Friday, 16 October 2009

Freedom Press

Freedom Press

16th October 2009
The Malta Independent - Friday Wisdom
Alfred Mifsud


Real democracy depends on a free press. Yesterday’s 30th anniversary of the burning of The Times building marks the true beginning of the end of Dom Mintoff’s premiership.

This was given tangible meaning when his Labour lost the overall voting majority in the December 1981 elections.

These two events forced many level headed voters to re-assess Mintoff’s relevance for the country’s future in post Freedom Day Malta.

On this I had built my assessment that there are two versions of Dom Mintoff. Here is what I had written on 9 July 2000 in Labour’s il-Kulhadd in an article titled ‘Mintoff vs Mintoff’.

“The greatness of Mintoff for Malta until Freedom Day cannot be denied. It would be a grave error for anyone to belittle these achievements due to Mintoff’s subsequent disastrous performance.

“I maintain that for historical assessment Mintoff must be packaged in two very contrasting chapters. The first chapter ends on Freedom Day where Mintoff achieved all he had worked for in 32 years of political militancy. This chapter shows Mintoff was no ordinary politician but was the soul and conscience of the country. He was the inspiration to move out of our colonial mentality of servitude and really start thinking as members of a sovereign state.
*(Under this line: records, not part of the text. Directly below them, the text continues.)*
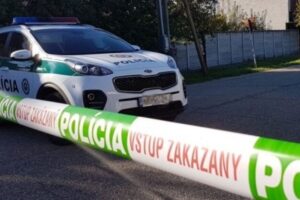 Streľba a bitka pri banke v Lučenci si vyžiadala zranenú osobu, polícia začala pre incident trestné stíhanie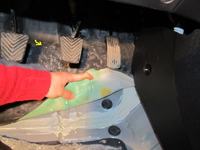 Jak usunąć tłustą wilgoć z podłogi samochodu?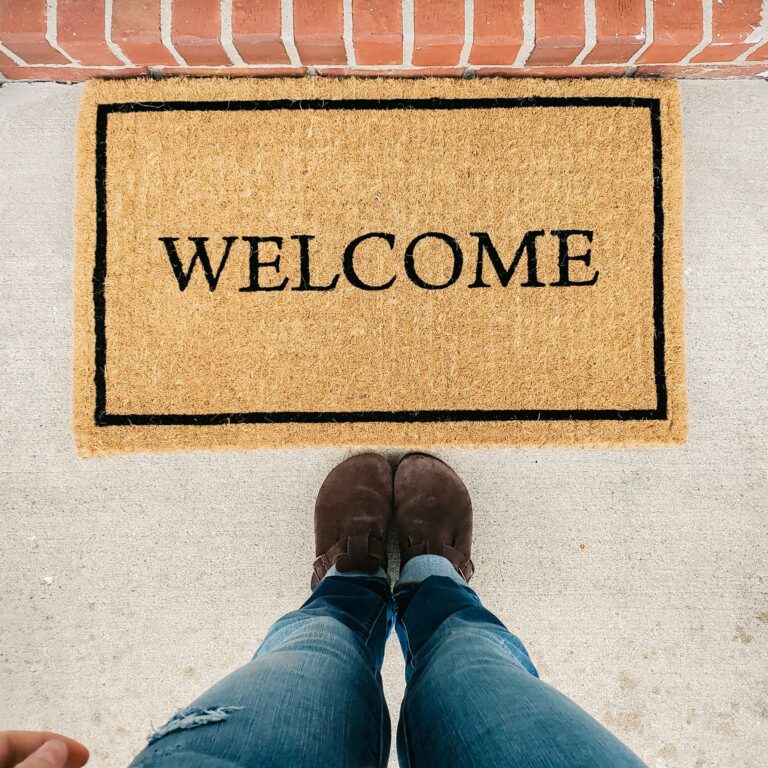 10 Signs You've Overstayed Your Welcome as a Houseguest - Featured image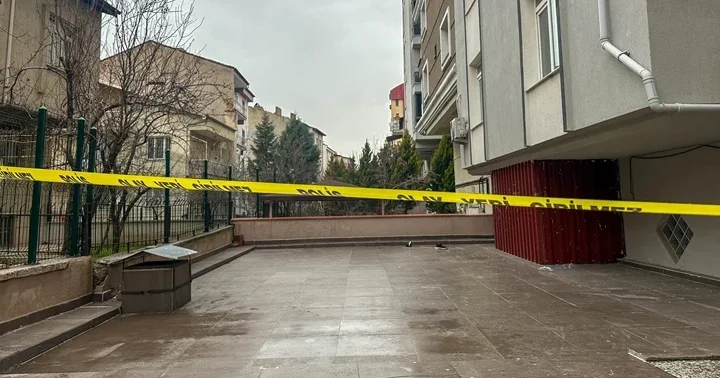 Uşak ta feci ölüm! 8 katlı apartmanın çatısından düştü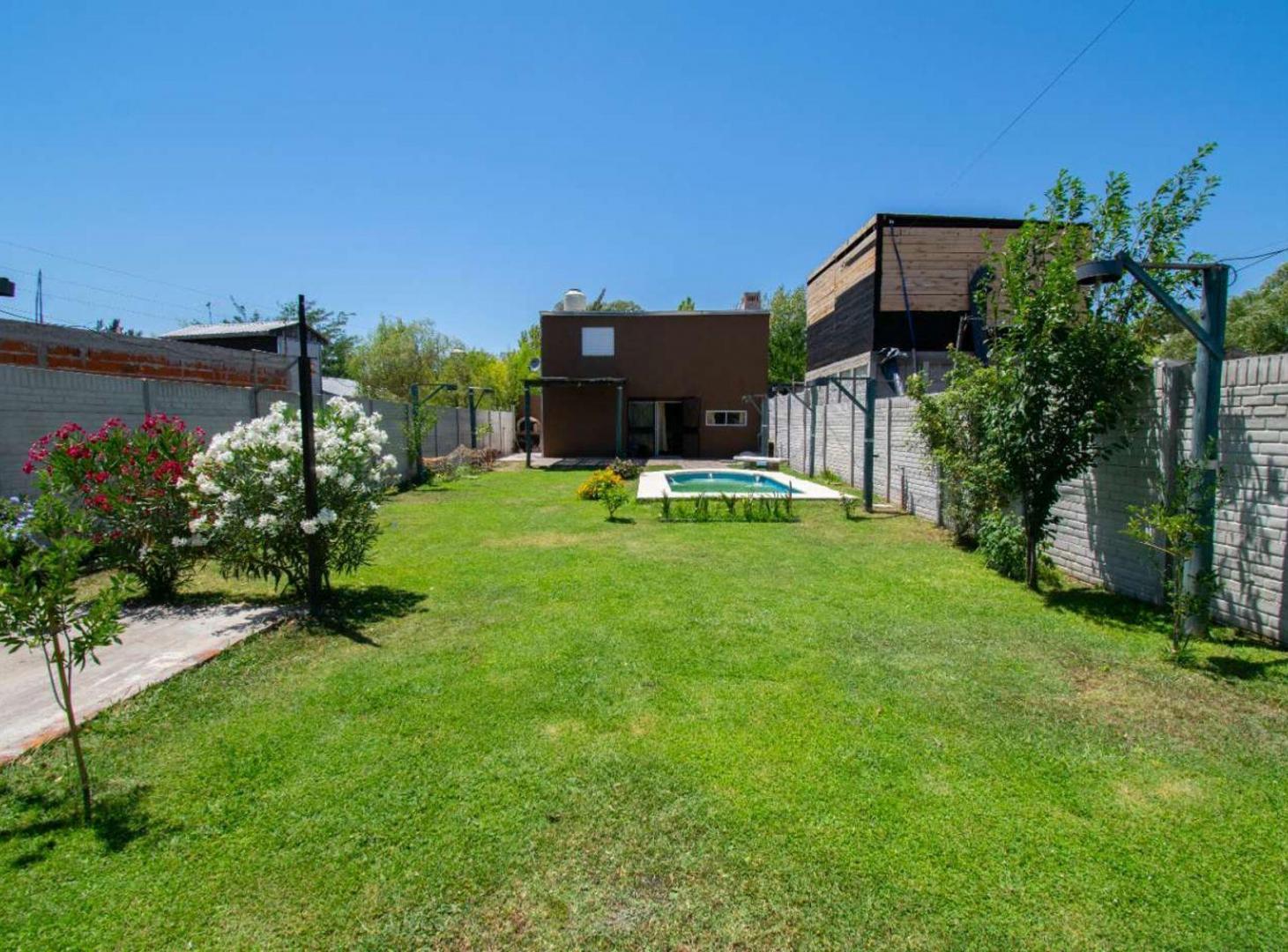 Foto de CASA EN VENTA - ARTURO SEGUI, imagen 2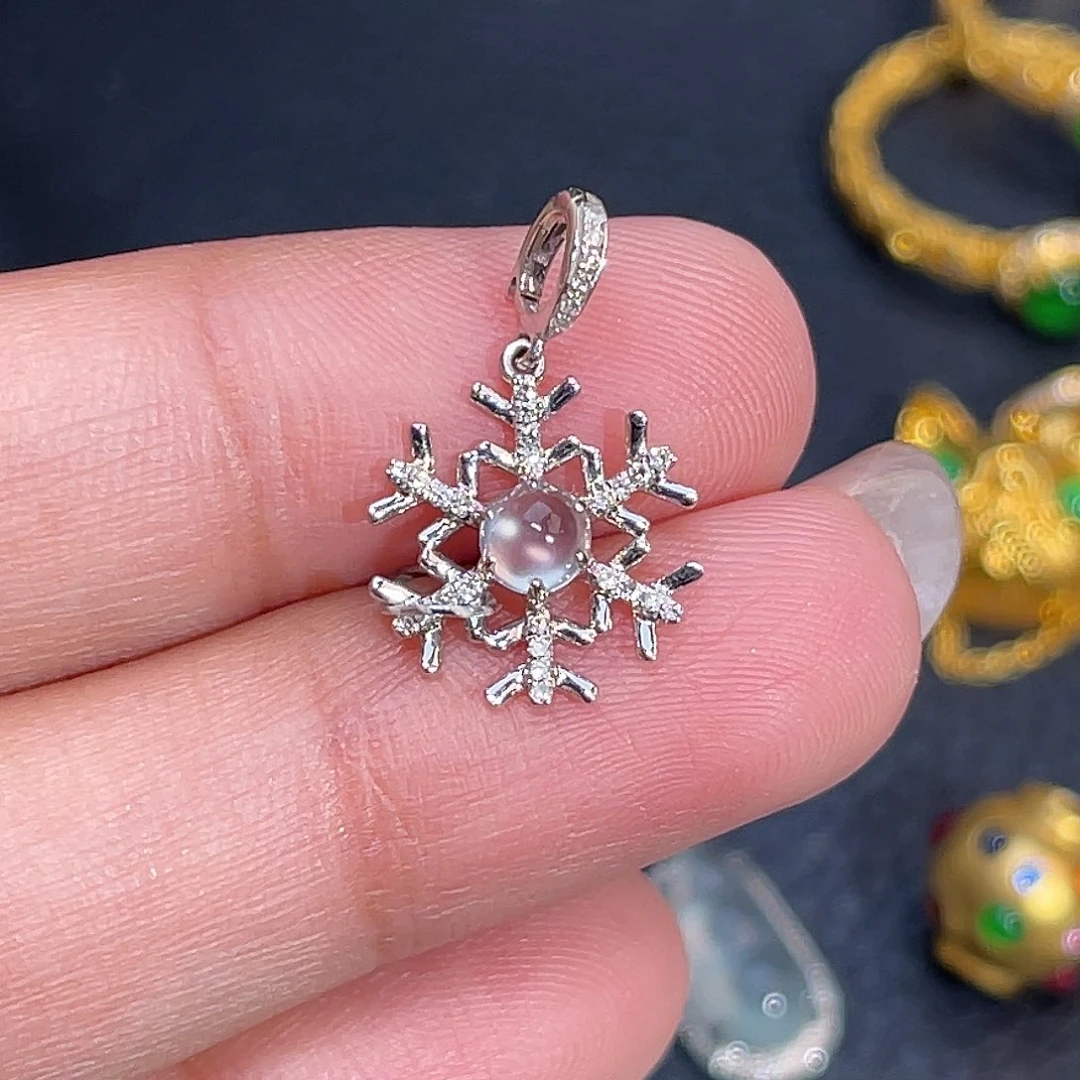 颈饰18K金镶嵌翡翠雪花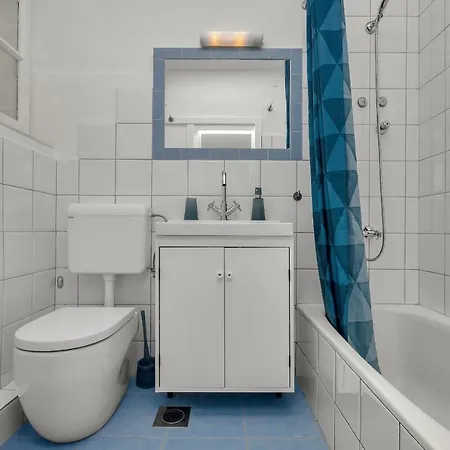 Gasthuis & Rica Makarska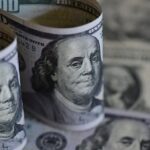 Збут несправжніх доларів: двох мешканців Києва судитимуть.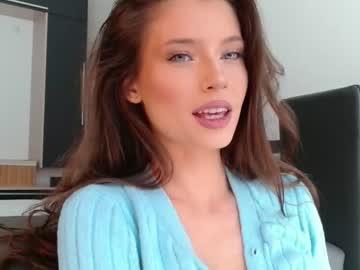 female cam girl isia_slay image #2250277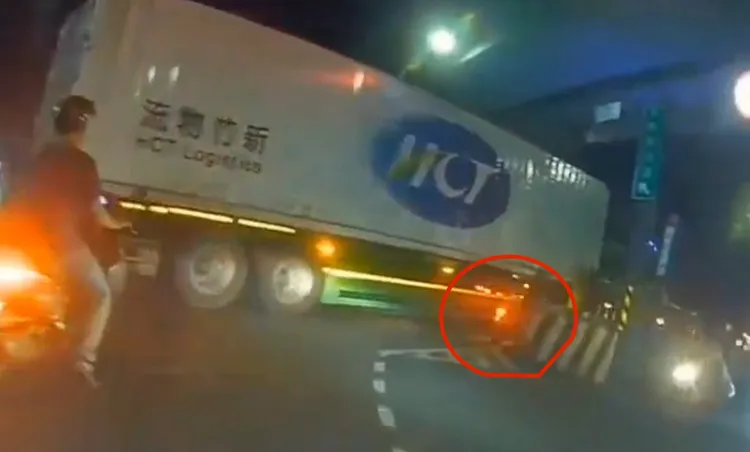 貨運曳引車右轉碰撞機車之後整個「吞沒」，一旁女子目睹驚險瞬間大喊「好恐怖！」。翻攝畫面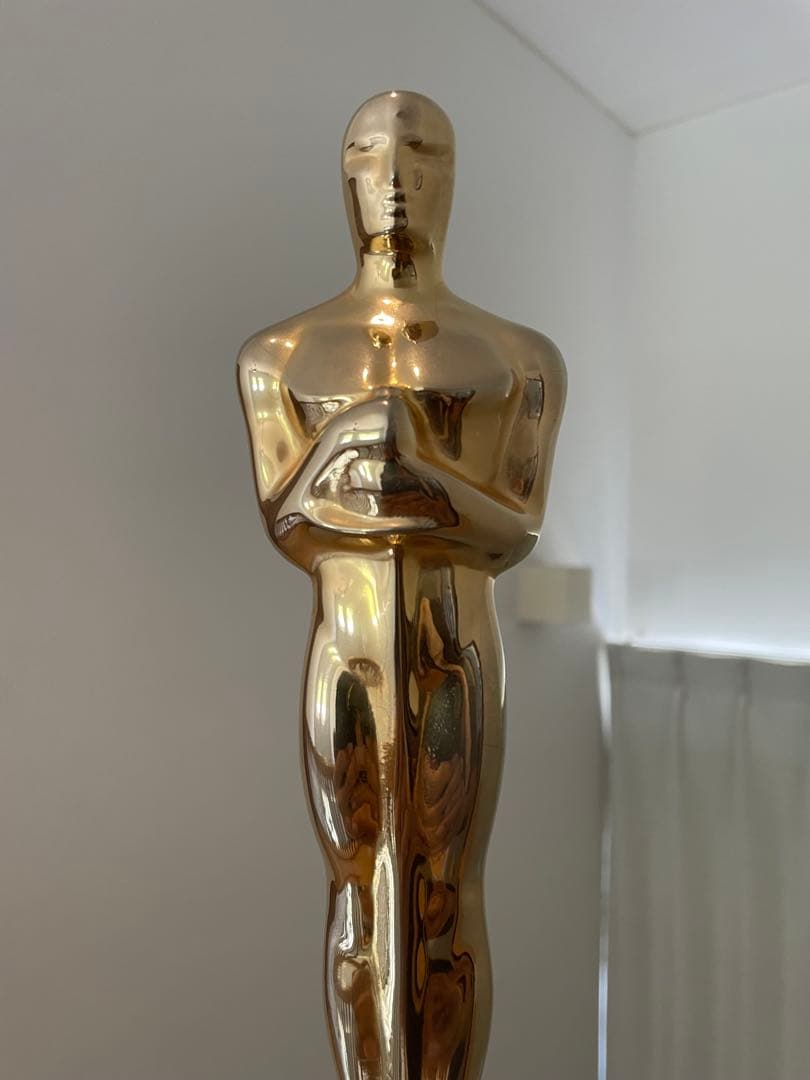 【アカデミー賞】オスカー像 金属製 約25cm【OSCAR】ずっしり重い！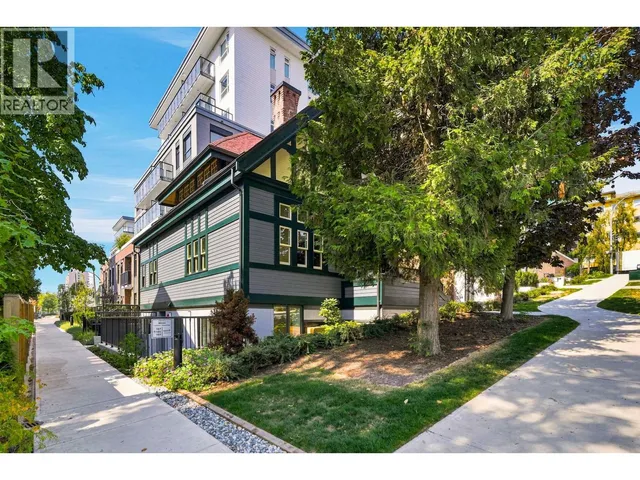 101 CUNNINGHAM STREET, New Westminster 2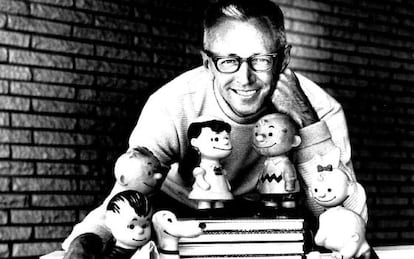 Charles Schultz en su estudio junto a sus personajes en 1966.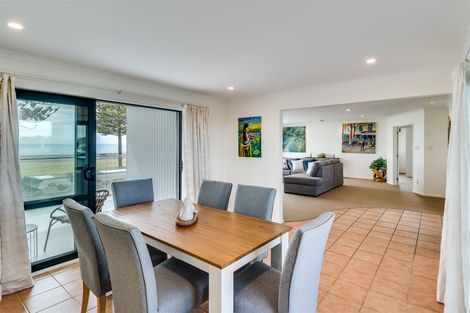 Photo of property in 633 Marine Parade, Napier South, Napier, 4110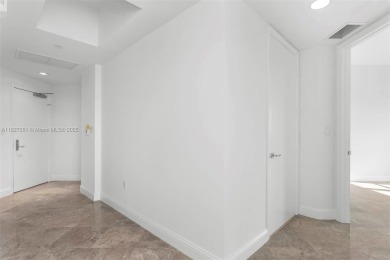 Spacious 2 bed, 2 bath unit in the sought-after Turnberry on  in Florida - for sale on GolfHomes.com, golf home, golf lot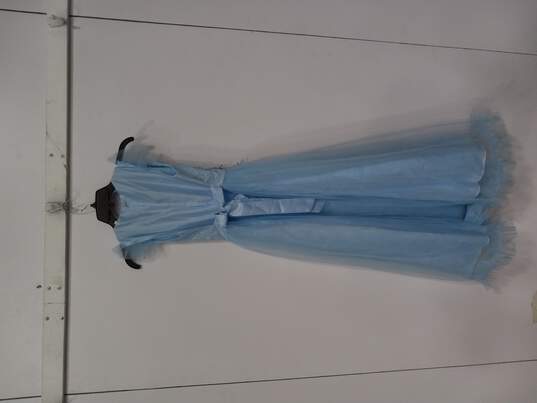 Elegant Women's Blue Dress image number 2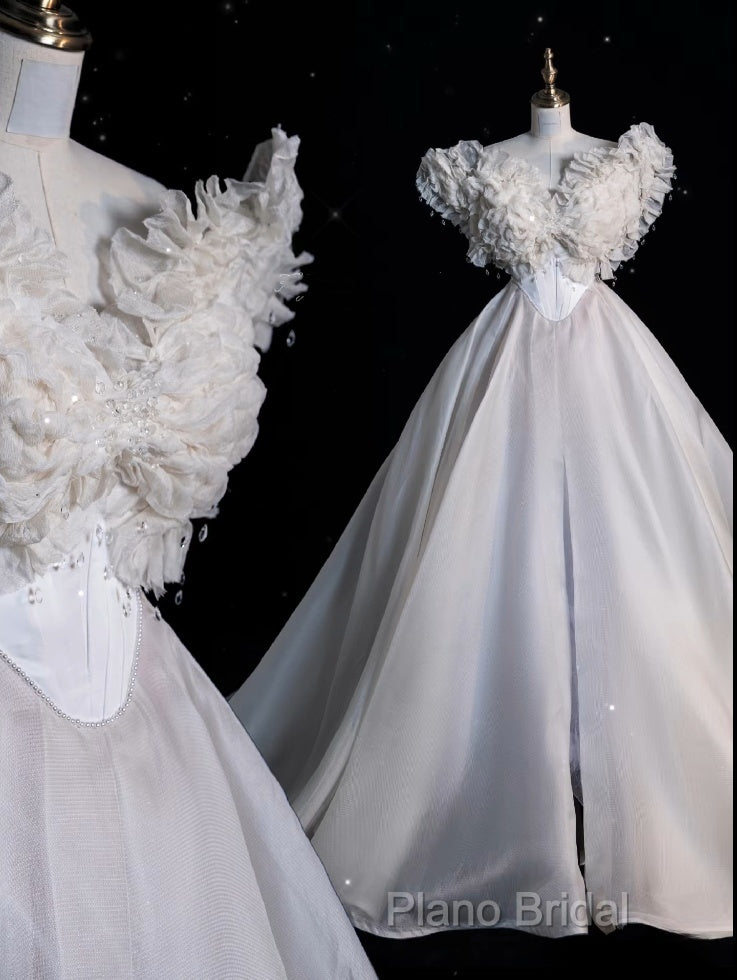 Unique Ball Gown Sweetheart Long Tulle White Wedding Dresses Brides Dresses Secondary image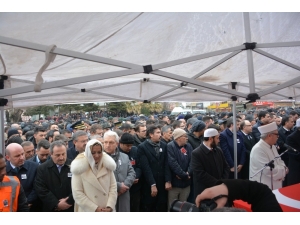 Şehit Cenazesinde İlginç Görüntü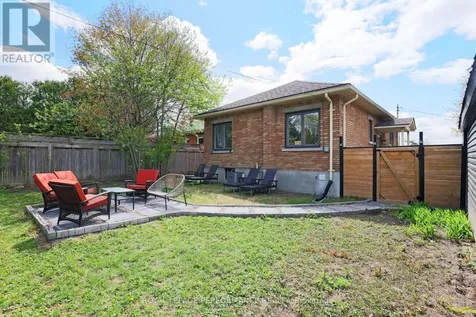 390 Maria Goretti Circle Ottawa ON K1L 6S4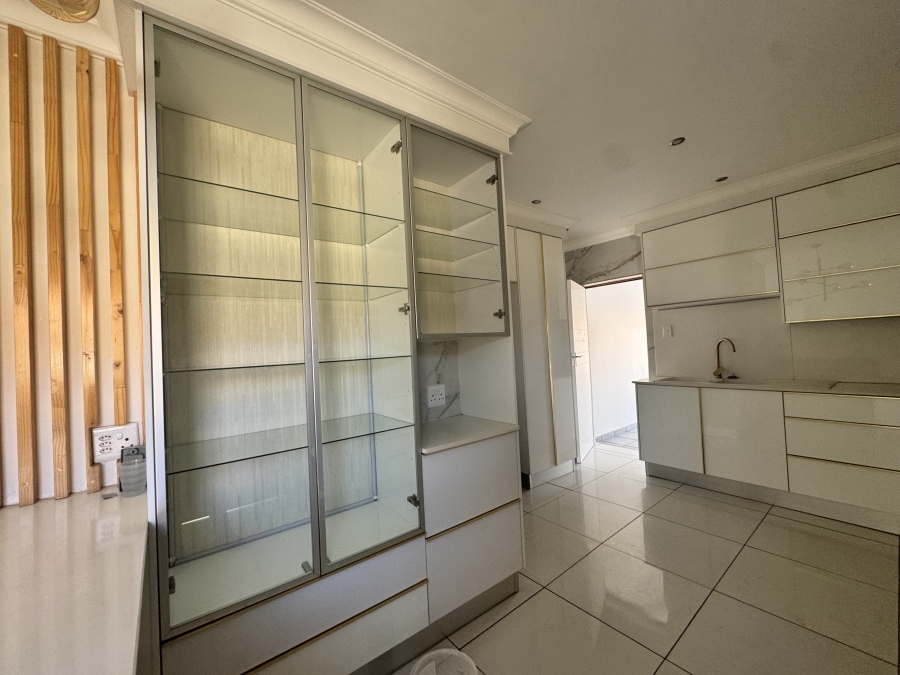 To Let 3 Bedroom Property for Rent in Wilkoppies North West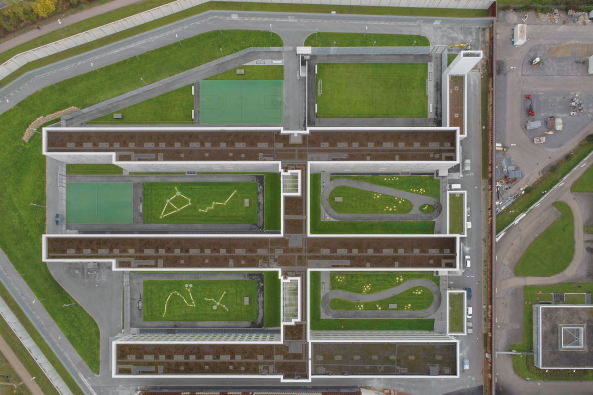 stammheim, jva, gefngnis, jutiz, beton, stuttgart, deutscher herbst, raf, sicherheit, architektur, knast, neubau, erweiterung, erffnung, panoptikum, hof, gefngnishof, mbel, bnke, zelle, zellen, Justizvollzugsanstalt, ludwigsburg, unterkunft, Michael Tmmers, strafe, haft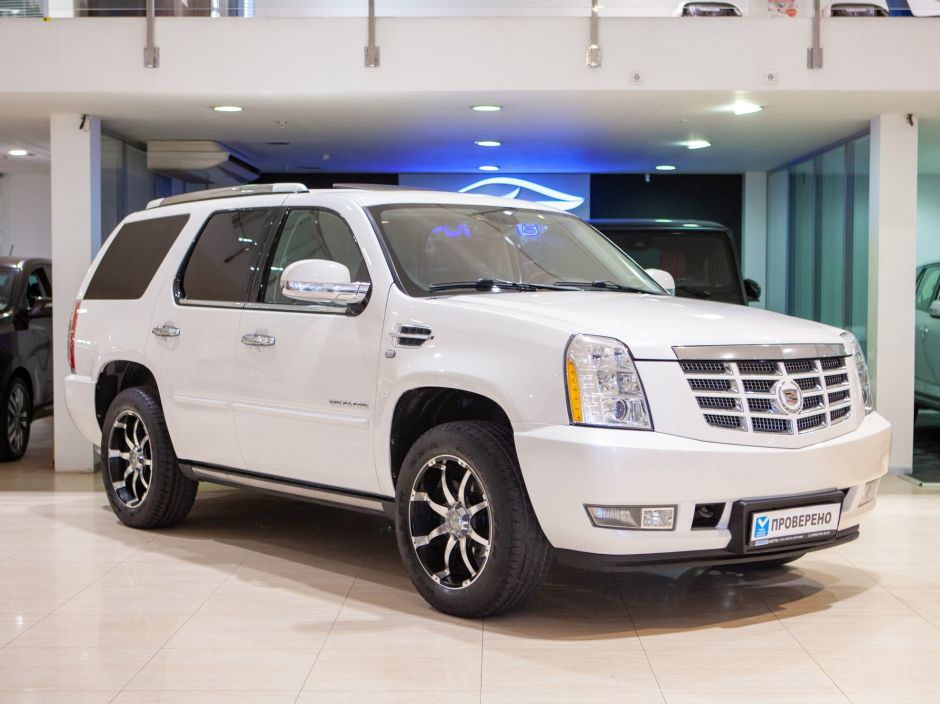 Cadillac Escalade 6.2 АКПП, 2011, 171 239 км фото 3
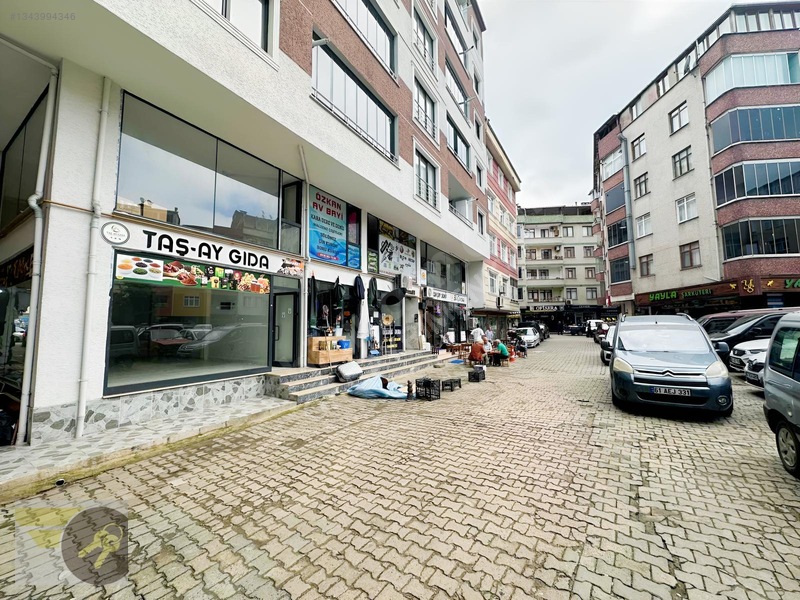 *of Gayrimenkul*ilçe Merkezi 140m2 Köşe Başı Kiralık Dükkan — fotoğraf 8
“A glorious chapter of great economic straddles, intellectual liberation and the building of a social network suited for a modern society which made us proud to be Maltese. A chapter of great democratic achievements where the Labour movement neutralised the power network of capital which hitherto used to dominate with the Church’s support.

“This glorious chapter ended as an obscure one began. A chapter where Mintoff could not accept the consequences of the change he himself had brought about. Where he started restricting the liberty he had worked for by the dismantling of the colonial cage and instead expected that he decides what’s best for us even in such things as the nature of the chocolate we eat and the TV we watch. Where he failed to realise that the country needed leadership with a different set of skills in the post Freedom Day reality.

“This post March 1979 chapter is very dark indeed. Mintoff became a rebel without a cause.

“The burning of The Times and the violence on the private residence of the Leader of the Opposition were highly anti-democratic acts. In tolerating them Mintoff was betraying all that he had struggled for in the first chapter. The pinnacle of this betrayal was reached with the electoral result of the 1981 election.

“One can bring a million excuses but it will not change the fact that a majority of the electorate had chosen a Nationalist government. Had Mintoff recognised the sign of times his stature would have become gigantic if he had found a way to give practical significance to the electorate’s decision of 1981. Instead he did the opposite and he started dismantling his democratic credentials by adopting a more repressive posture while governing without a moral mandate.

“The contrast between the Mintoff of both chapters is clearly borne out by his intervention in a press conference in the 1976 election campaign. A journalist had asked him a question using the phrase ‘your party’. Mintoff was quick to correct him that he belonged to the party not the party belonged to him. Mintoff of the second chapter seemed to think otherwise when he brought down a democratically elected Labour government in 1998”

I am reviving all this because I maintain that Mintoff’s downfall started through his mild reaction to the serious offences against democracy executed by people in his fold 30 years ago. The freedom of the press and the opposition’s right to criticise freely, its right to due access of information, and its duty to watch over the government workings are treasures to be well guarded.

This brings me to the revelation this week about the alleged impropriety by the Minister of Finance in accepting an invitation to travel for leisure with members of his family with two prominent businessmen who paid for or procured the travel and the entertainment.

Politicians live in a glass house and the press would be failing us all if such facts are not brought into public domain.

I happen to think that the Minister was naive rather than corrupt in accepting the invitation. Ministers should bear in mind Friedman’s dictum of no free lunch and conduct a life style which matches their income. Tonio Fenech is one such Minister.

He is to be admired for pursuing policy objectives he believes in and which are needed to correct a gaming situation which got out of hand in spite of his being threatened by exposure which in the very least shows his political naivety. But he cannot blame the press for doing its work.